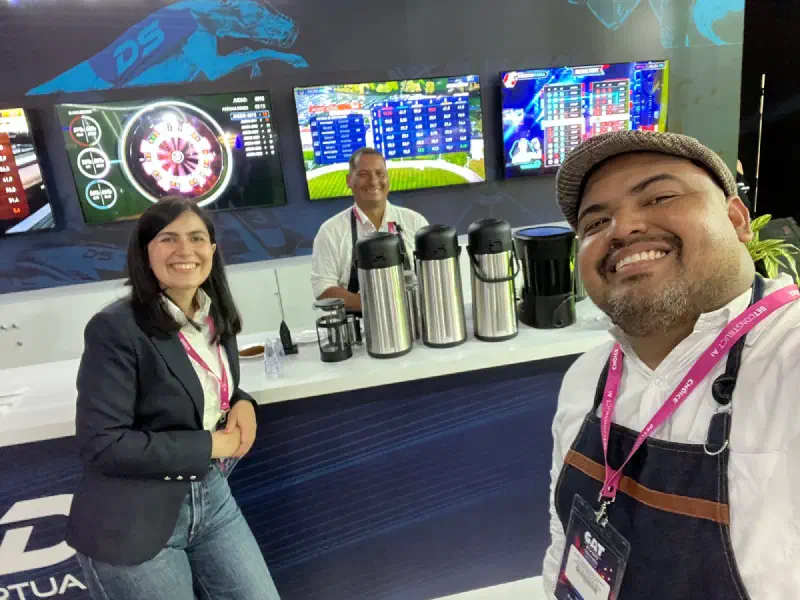 Estación de café de Experiencia VINTO en un evento corporativo a gran escala, foto 16 de 112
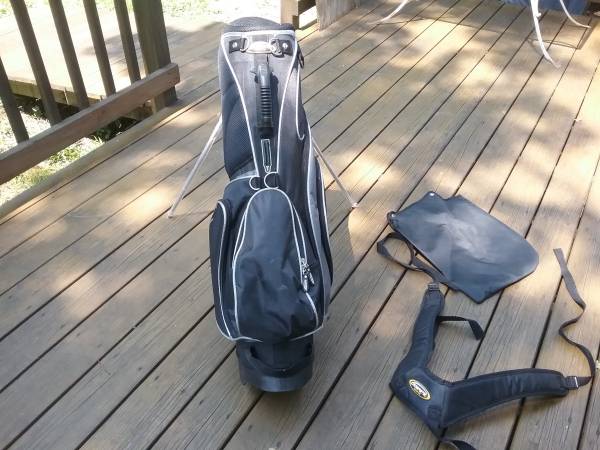 Photo Coors light Golf bag $90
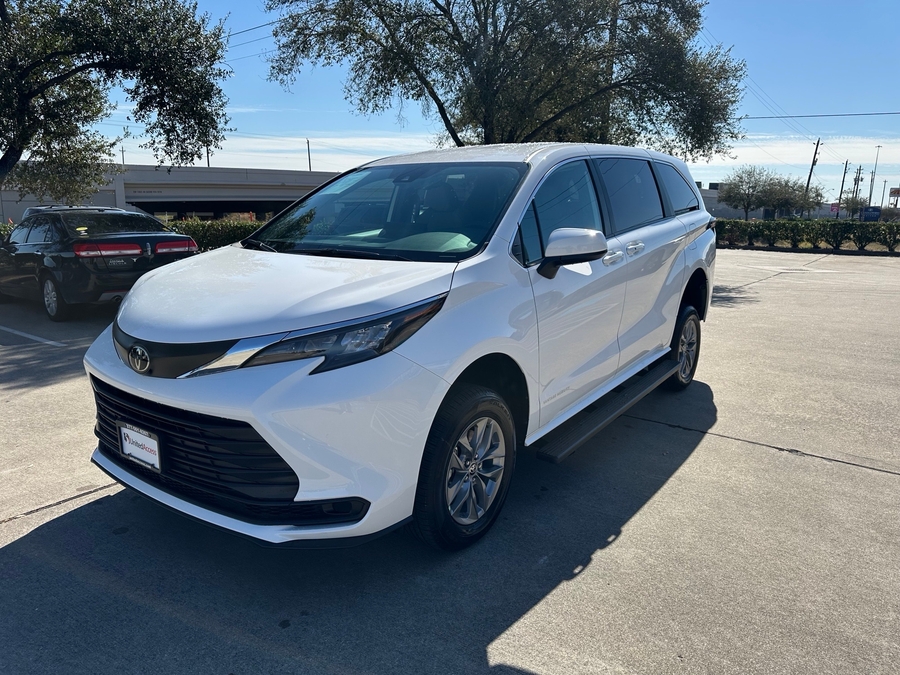 New 2026 Toyota Sienna Hybrid LE - Vantage Mobility Rear Entry Entry Fold Out Manual Ramp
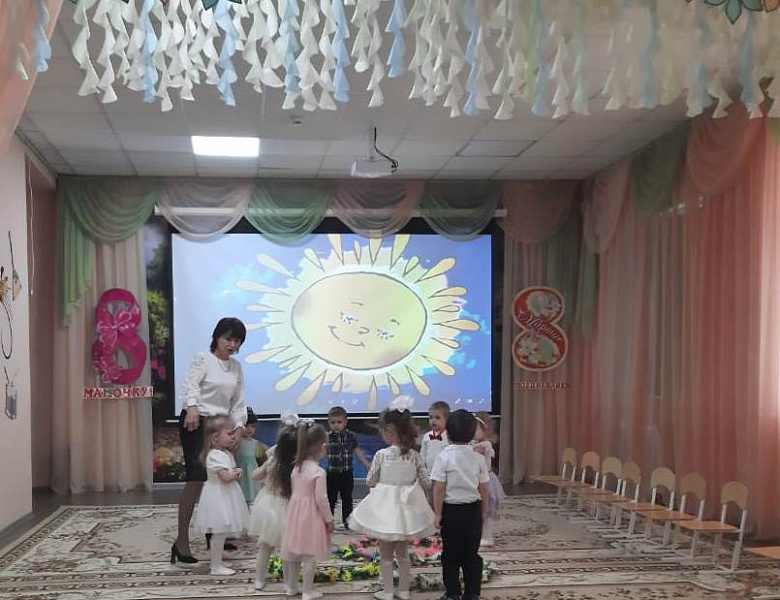 Праздник 8 МАРТА в младших группах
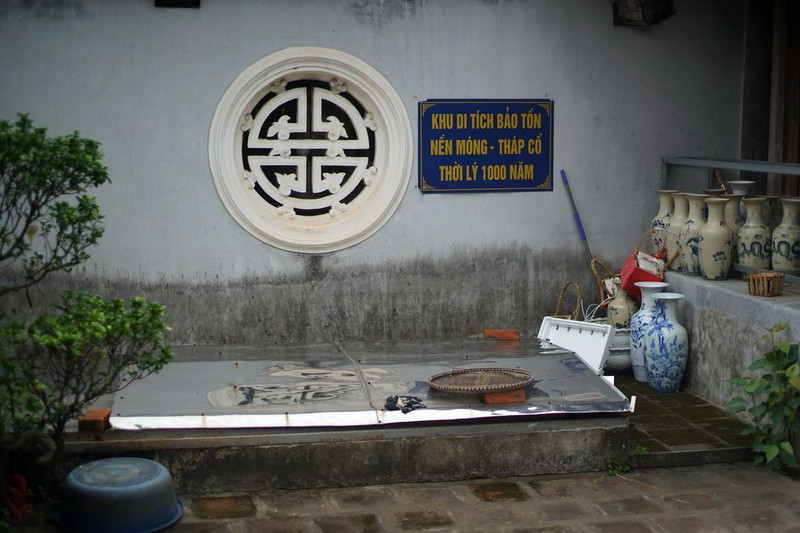 Tàn tích tòa tháp khổng lồ trong lòng đất chùa Phật Tích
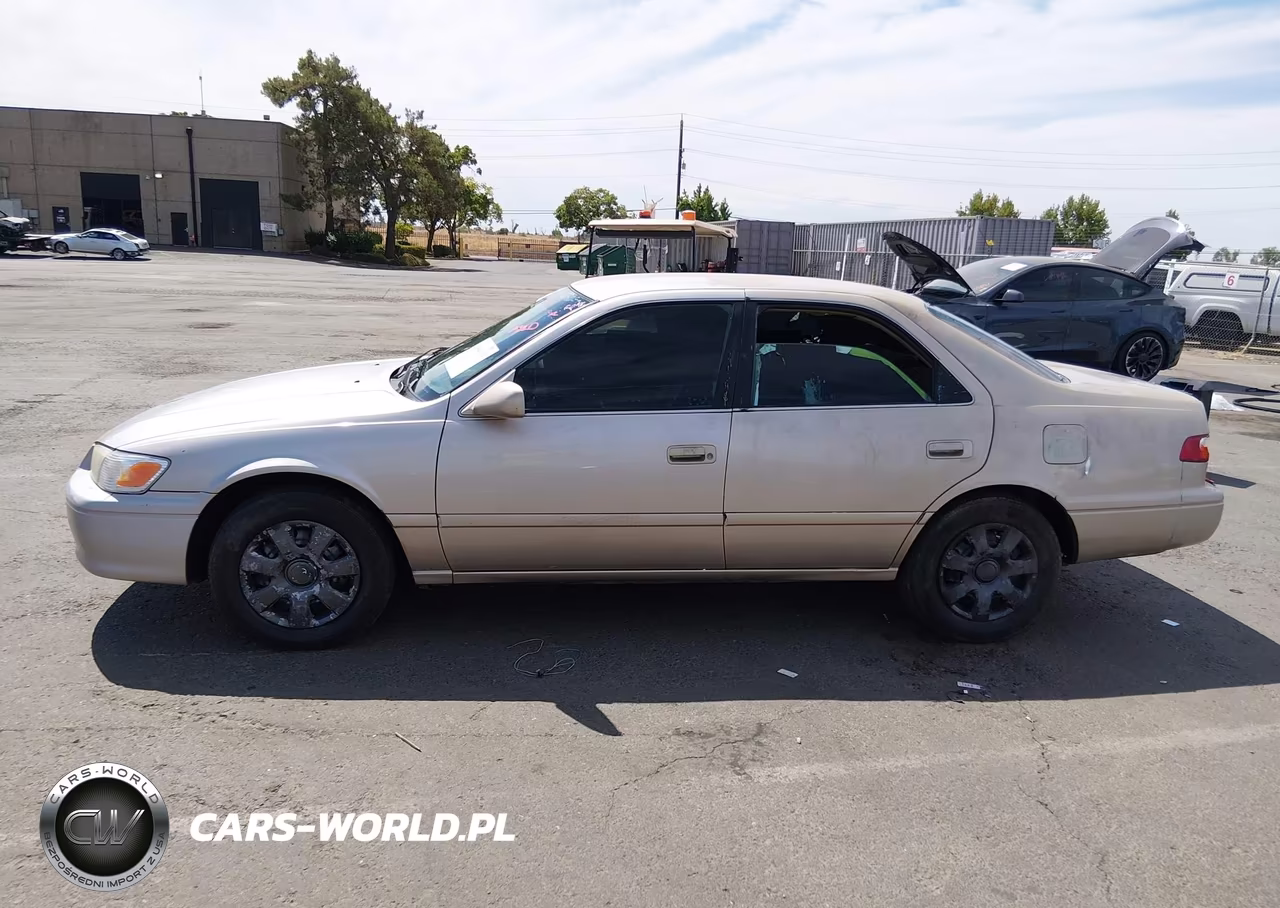 2001 Toyota Camry Ce VIN:4T1BG22K81U839057 - 15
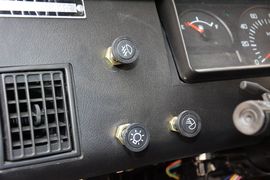 2016款北汽制造BJ212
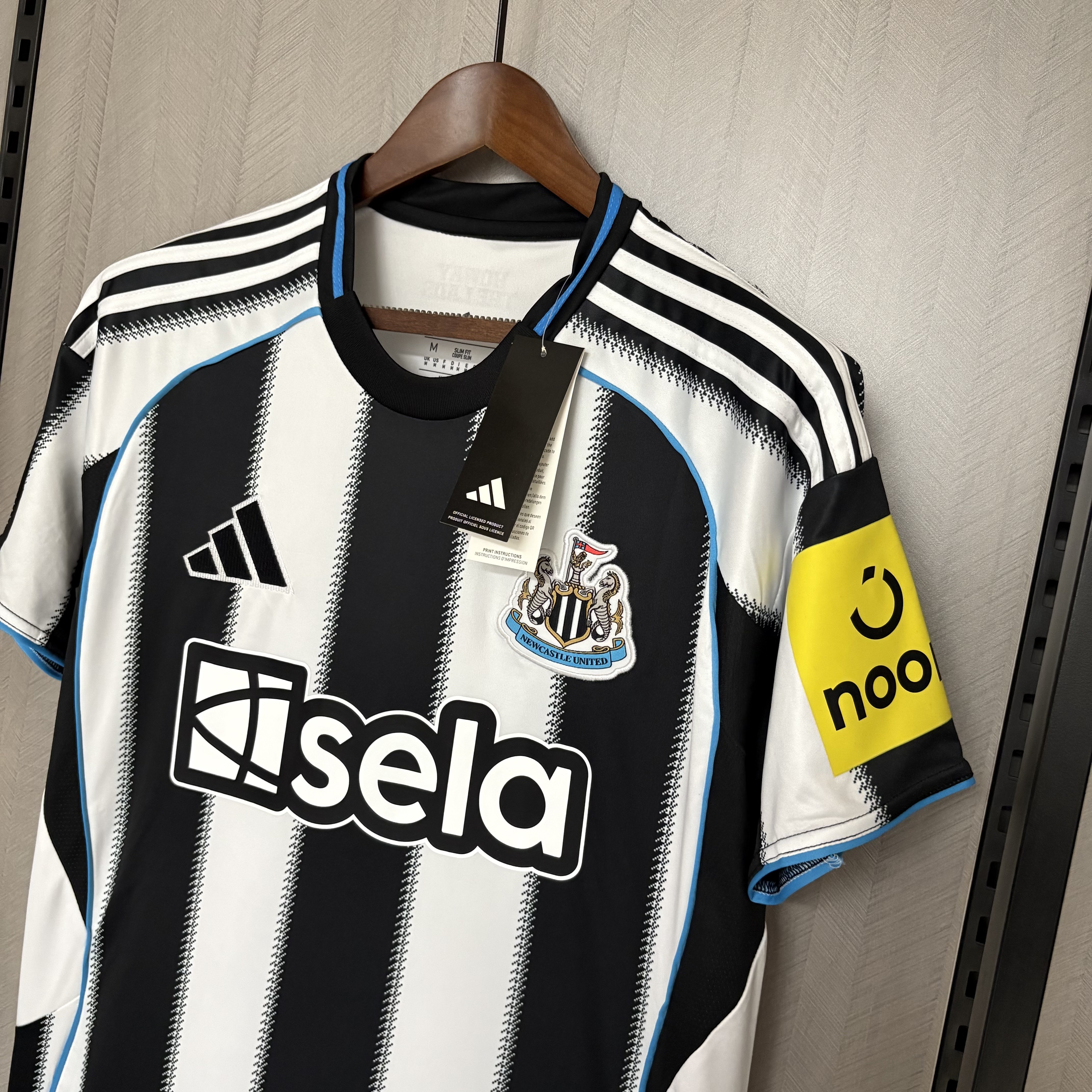 Newcastle United 2025/26 Mens Home Jersey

-- The problem --
Only an exact copy is wanted: the lines from the opening of the material through the line that has "Tàn tích tòa", minus any pictures.

-- Output of the task --
 Estación de café de Experiencia VINTO en un evento corporativo a gran escala, foto 16 de 112
 Photo Coors light Golf bag $90
 New 2026 Toyota Sienna Hybrid LE - Vantage Mobility Rear Entry Entry Fold Out Manual Ramp
 Праздник 8 МАРТА в младших группах
 Tàn tích tòa tháp khổng lồ trong lòng đất chùa Phật Tích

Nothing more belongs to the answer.